* _THE PROBLEM_:
In the entries below, count every line containing "Toddler". Return the number and nothing else.

__________________________________________________

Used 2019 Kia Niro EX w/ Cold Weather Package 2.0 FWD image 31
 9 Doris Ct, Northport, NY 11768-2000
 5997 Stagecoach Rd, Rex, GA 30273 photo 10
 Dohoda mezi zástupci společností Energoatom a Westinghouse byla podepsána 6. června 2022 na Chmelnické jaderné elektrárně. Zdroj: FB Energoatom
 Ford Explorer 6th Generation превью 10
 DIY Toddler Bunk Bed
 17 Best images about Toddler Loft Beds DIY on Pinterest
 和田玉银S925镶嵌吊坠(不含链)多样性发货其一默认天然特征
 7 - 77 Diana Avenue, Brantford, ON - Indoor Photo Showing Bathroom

__________________________________________________

* _ANSWER TO THIS EXERCISE_:
2